### Exercise
The finished copy should hold every entry exactly as given, and no pictures.

### Provided entries

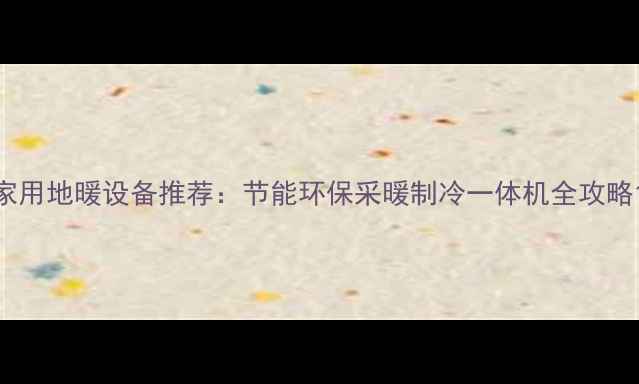 家用地暖设备推荐节能环保采暖制冷一体机全攻略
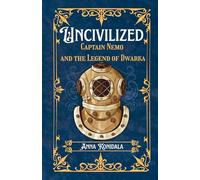 Uncivilized: Captain Nemo and the Legend of Dwarka: 1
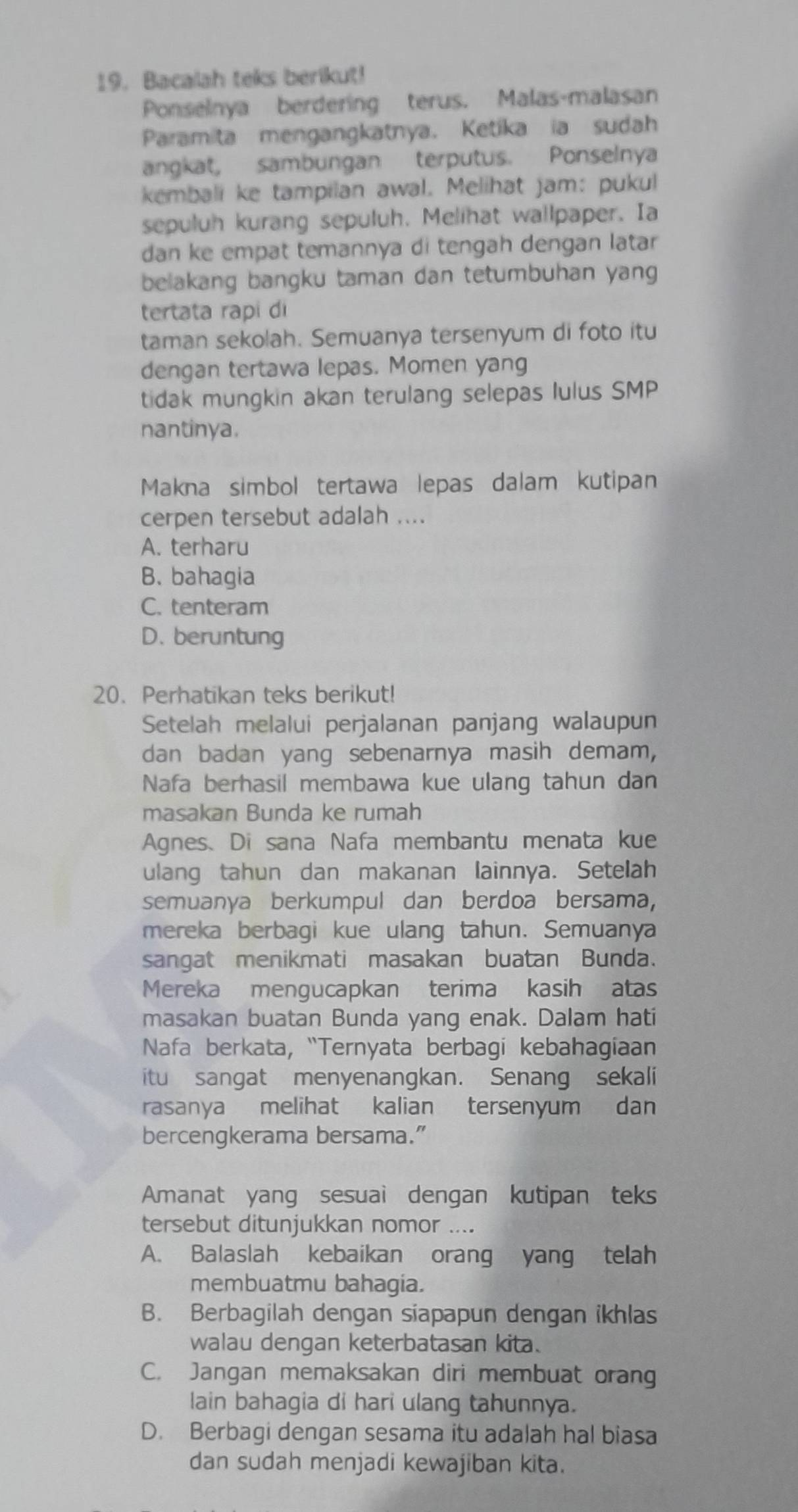 Bacalah teks berikut!
Ponselnya berdering terus. Malas-malasan
Paramita mengangkatnya. Ketika ia sudah
angkat, sambungan terputus. Ponselnya
kembali ke tampilan awal. Melihat jam: pukul
sepuluh kurang sepuluh. Melihat wallpaper. Ia
dan ke empat temannya di tengah dengan latar
belakang bangku taman dan tetumbuhan yang
tertata rapi di
taman sekolah. Semuanya tersenyum di foto itu
dengan tertawa lepas. Momen yang
tidak mungkin akan terulang selepas lulus SMP
nantinya.
Makna simbol tertawa lepas dalam kutipan
cerpen tersebut adalah ....
A. terharu
B. bahagia
C. tenteram
D. beruntung
20. Perhatikan teks berikut!
Setelah melalui perjalanan panjang walaupun
dan badan yang sebenarnya masih demam,
Nafa berhasil membawa kue ulang tahun dan
masakan Bunda ke rumah
Agnes、 Di sana Nafa membantu menata kue
ulang tahun dan makanan lainnya. Setelah
semuanya berkumpul dan berdoa bersama,
mereka berbagi kue ulang tahun. Semuanya
sangat menikmati masakan buatan Bunda.
Mereka mengucapkan terima kasih atas
masakan buatan Bunda yang enak. Dalam hati
Nafa berkata, “Ternyata berbagi kebahagiaan
itu sangat menyenangkan. Senang sekali
rasanya melihat kalian tersenyum dan
bercengkerama bersama.”
Amanat yang sesuai dengan kutipan teks
tersebut ditunjukkan nomor ....
A. Balaslah kebaikan orang yang telah
membuatmu bahagia.
B. Berbagilah dengan siapapun dengan ikhlas
walau dengan keterbatasan kita.
C. Jangan memaksakan diri membuat orang
lain bahagia di hari ulang tahunnya.
D. Berbagi dengan sesama itu adalah hal biasa
dan sudah menjadi kewajiban kita.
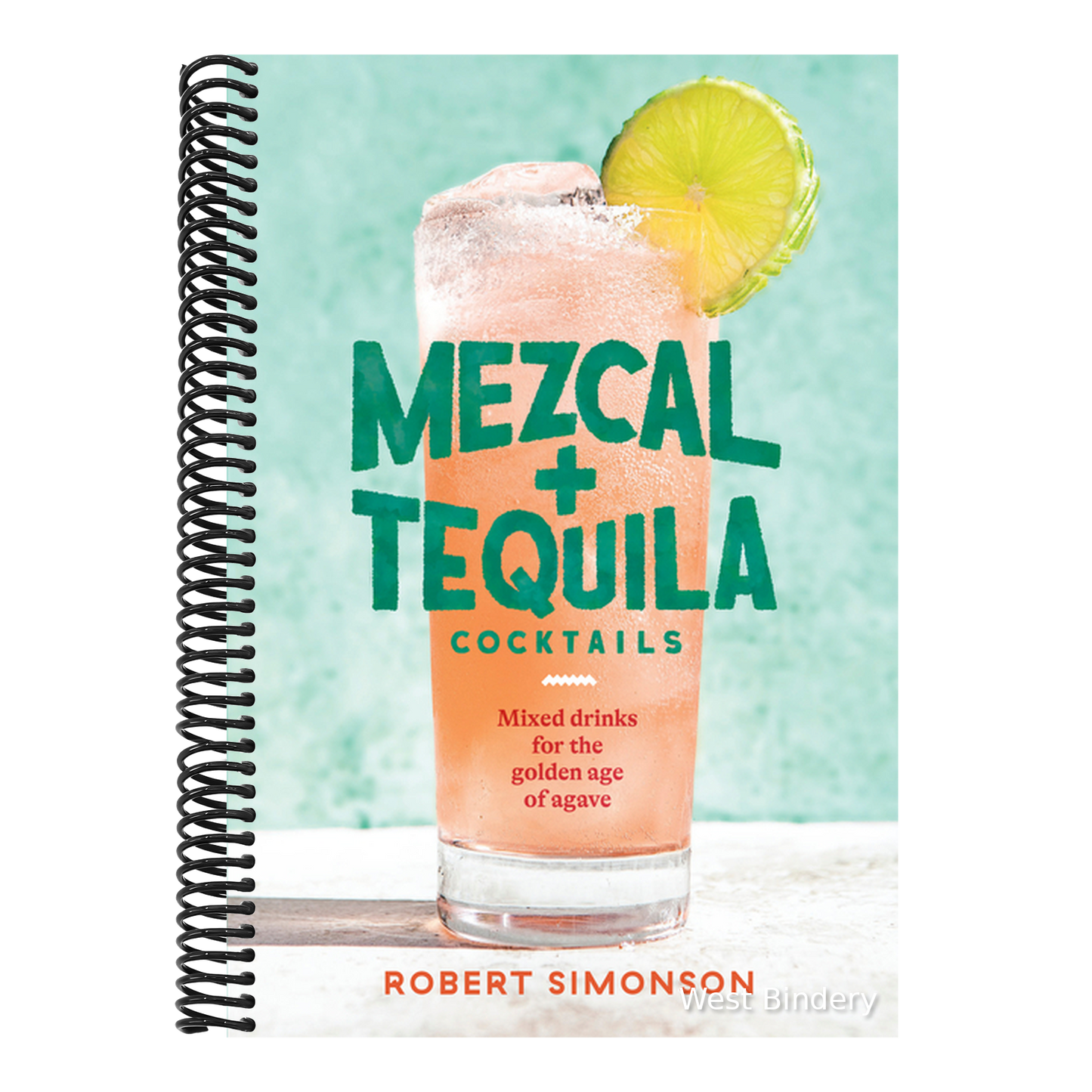 Mezcal and Tequila Cocktails: Mixed Drinks for the Golden Age of Agave [A Cocktail Recipe Book]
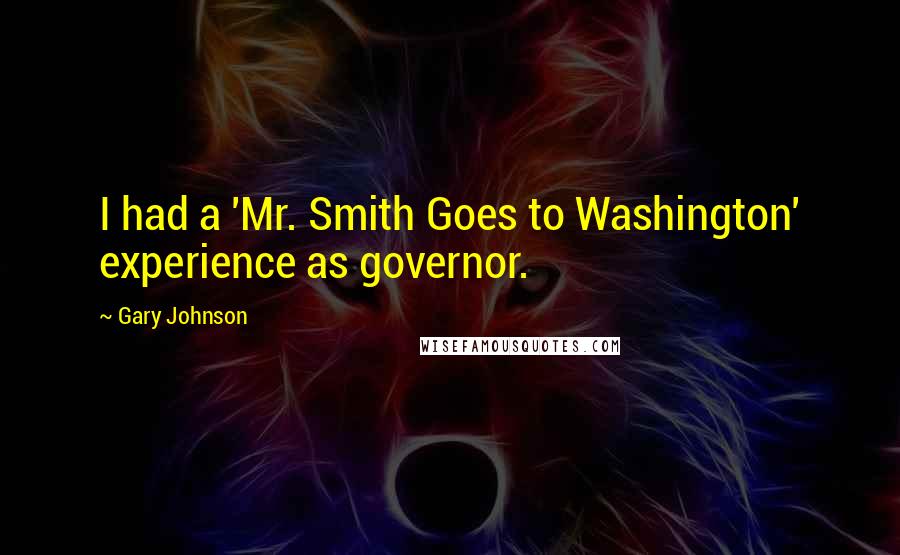 Gary Johnson Quotes: I had a 'Mr. Smith Goes to Washington' experience as governor.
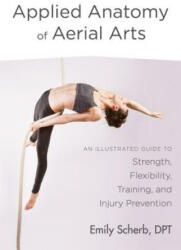 Applied Anatomy of Aerial Arts - Emily Scherb (ISBN: 9781623172169)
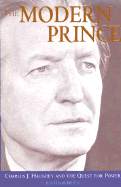 The Modern Prince: Charles J. Haughey and the Quest for Power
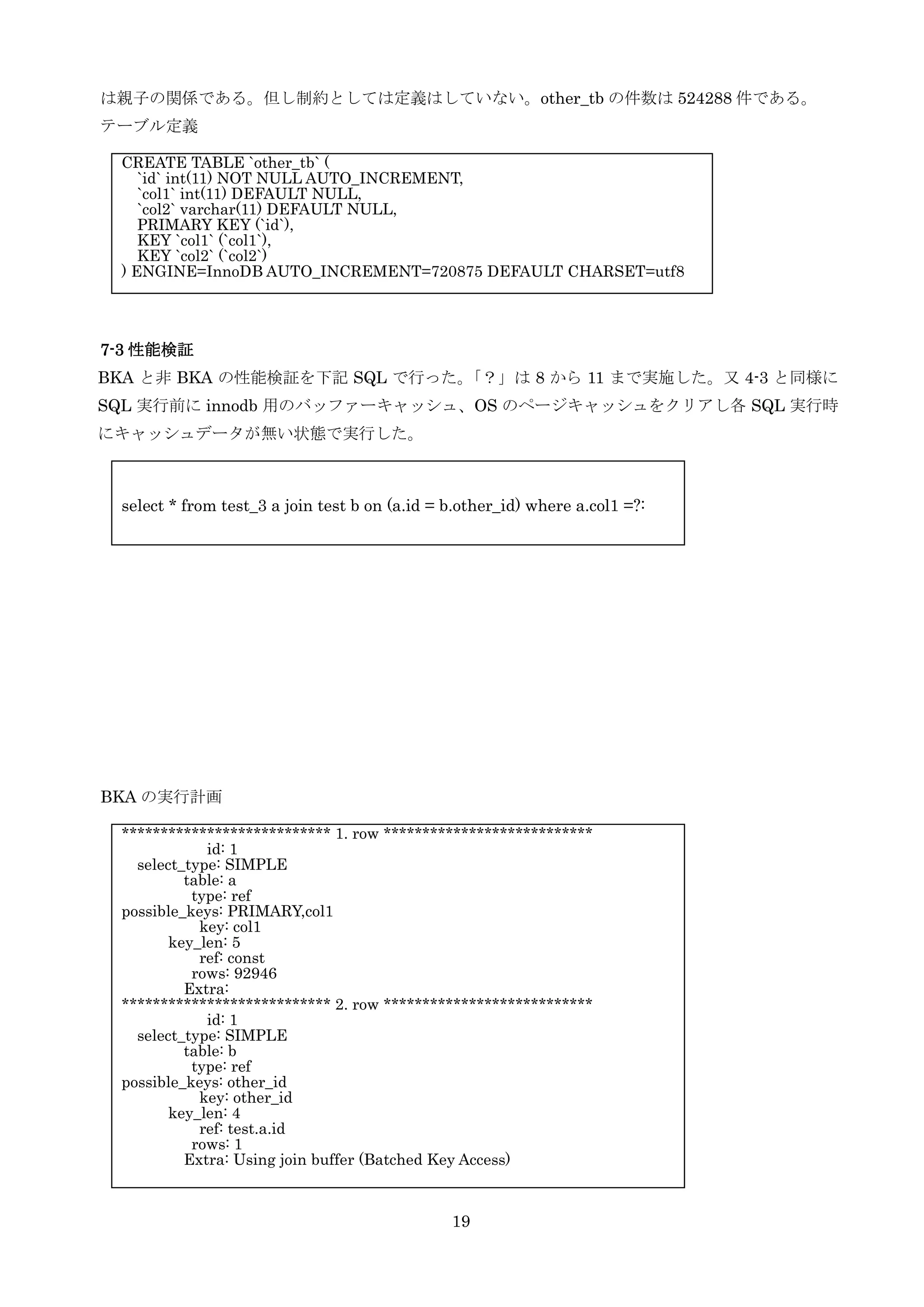 19
は親子の関係である。但し制約としては定義はしていない。other_tb の件数は 524288 件である。
テーブル定義
7-3 性能検証
BKA と非 BKA の性能検証を下記 SQL で行った。「？」は 8 から 11 まで実施した。又 4-3 と同様に
SQL 実行前に innodb 用のバッファーキャッシュ、OS のページキャッシュをクリアし各 SQL 実行時
にキャッシュデータが無い状態で実行した。
BKA の実行計画
CREATE TABLE `other_tb` (
`id` int(11) NOT NULL AUTO_INCREMENT,
`col1` int(11) DEFAULT NULL,
`col2` varchar(11) DEFAULT NULL,
PRIMARY KEY (`id`),
KEY `col1` (`col1`),
KEY `col2` (`col2`)
) ENGINE=InnoDB AUTO_INCREMENT=720875 DEFAULT CHARSET=utf8
*************************** 1. row ***************************
id: 1
select_type: SIMPLE
table: a
type: ref
possible_keys: PRIMARY,col1
key: col1
key_len: 5
ref: const
rows: 92946
Extra:
*************************** 2. row ***************************
id: 1
select_type: SIMPLE
table: b
type: ref
possible_keys: other_id
key: other_id
key_len: 4
ref: test.a.id
rows: 1
Extra: Using join buffer (Batched Key Access)
select * from test_3 a join test b on (a.id = b.other_id) where a.col1 =?:
 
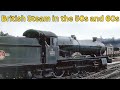 Best of British Steam in the 50s and 60s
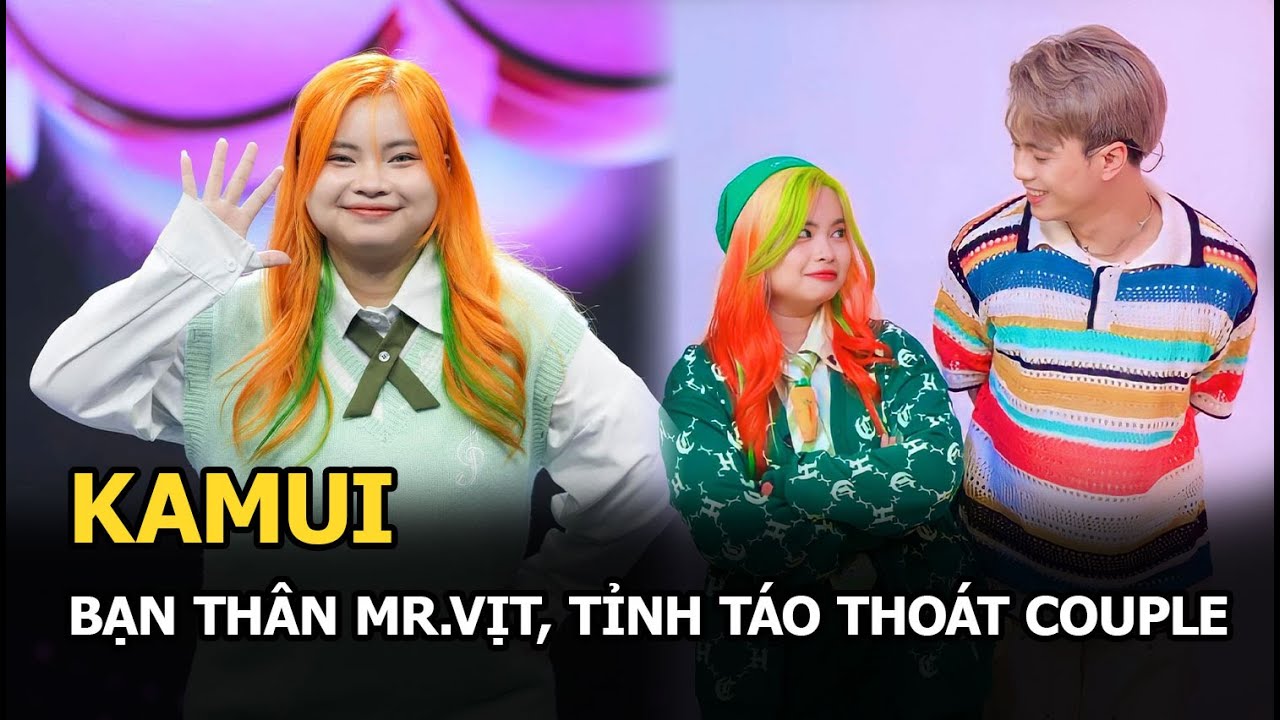 Kamui: Bạn thân Mr.Vịt, tỉnh táo thoát couple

### Answer space
 家用地暖设备推荐节能环保采暖制冷一体机全攻略
 Uncivilized: Captain Nemo and the Legend of Dwarka: 1
 Bacalah teks berikut!
Ponselnya berdering terus. Malas-malasan
Paramita mengangkatnya. Ketika ia sudah
angkat, sambungan terputus. Ponselnya
kembali ke tampilan awal. Melihat jam: pukul
sepuluh kurang sepuluh. Melihat wallpaper. Ia
dan ke empat temannya di tengah dengan latar
belakang bangku taman dan tetumbuhan yang
tertata rapi di
taman sekolah. Semuanya tersenyum di foto itu
dengan tertawa lepas. Momen yang
tidak mungkin akan terulang selepas lulus SMP
nantinya.
Makna simbol tertawa lepas dalam kutipan
cerpen tersebut adalah ....
A. terharu
B. bahagia
C. tenteram
D. beruntung
20. Perhatikan teks berikut!
Setelah melalui perjalanan panjang walaupun
dan badan yang sebenarnya masih demam,
Nafa berhasil membawa kue ulang tahun dan
masakan Bunda ke rumah
Agnes、 Di sana Nafa membantu menata kue
ulang tahun dan makanan lainnya. Setelah
semuanya berkumpul dan berdoa bersama,
mereka berbagi kue ulang tahun. Semuanya
sangat menikmati masakan buatan Bunda.
Mereka mengucapkan terima kasih atas
masakan buatan Bunda yang enak. Dalam hati
Nafa berkata, “Ternyata berbagi kebahagiaan
itu sangat menyenangkan. Senang sekali
rasanya melihat kalian tersenyum dan
bercengkerama bersama.”
Amanat yang sesuai dengan kutipan teks
tersebut ditunjukkan nomor ....
A. Balaslah kebaikan orang yang telah
membuatmu bahagia.
B. Berbagilah dengan siapapun dengan ikhlas
walau dengan keterbatasan kita.
C. Jangan memaksakan diri membuat orang
lain bahagia di hari ulang tahunnya.
D. Berbagi dengan sesama itu adalah hal biasa
dan sudah menjadi kewajiban kita.
 Mezcal and Tequila Cocktails: Mixed Drinks for the Golden Age of Agave [A Cocktail Recipe Book]
 Gary Johnson Quotes: I had a 'Mr. Smith Goes to Washington' experience as governor.
 Applied Anatomy of Aerial Arts - Emily Scherb (ISBN: 9781623172169)
 The Modern Prince: Charles J. Haughey and the Quest for Power
 19
は親子の関係である。但し制約としては定義はしていない。other_tb の件数は 524288 件である。
テーブル定義
7-3 性能検証
BKA と非 BKA の性能検証を下記 SQL で行った。「？」は 8 から 11 まで実施した。又 4-3 と同様に
SQL 実行前に innodb 用のバッファーキャッシュ、OS のページキャッシュをクリアし各 SQL 実行時
にキャッシュデータが無い状態で実行した。
BKA の実行計画
CREATE TABLE `other_tb` (
`id` int(11) NOT NULL AUTO_INCREMENT,
`col1` int(11) DEFAULT NULL,
`col2` varchar(11) DEFAULT NULL,
PRIMARY KEY (`id`),
KEY `col1` (`col1`),
KEY `col2` (`col2`)
) ENGINE=InnoDB AUTO_INCREMENT=720875 DEFAULT CHARSET=utf8
*************************** 1. row ***************************
id: 1
select_type: SIMPLE
table: a
type: ref
possible_keys: PRIMARY,col1
key: col1
key_len: 5
ref: const
rows: 92946
Extra:
*************************** 2. row ***************************
id: 1
select_type: SIMPLE
table: b
type: ref
possible_keys: other_id
key: other_id
key_len: 4
ref: test.a.id
rows: 1
Extra: Using join buffer (Batched Key Access)
select * from test_3 a join test b on (a.id = b.other_id) where a.col1 =?:
 
 Best of British Steam in the 50s and 60s
 Kamui: Bạn thân Mr.Vịt, tỉnh táo thoát couple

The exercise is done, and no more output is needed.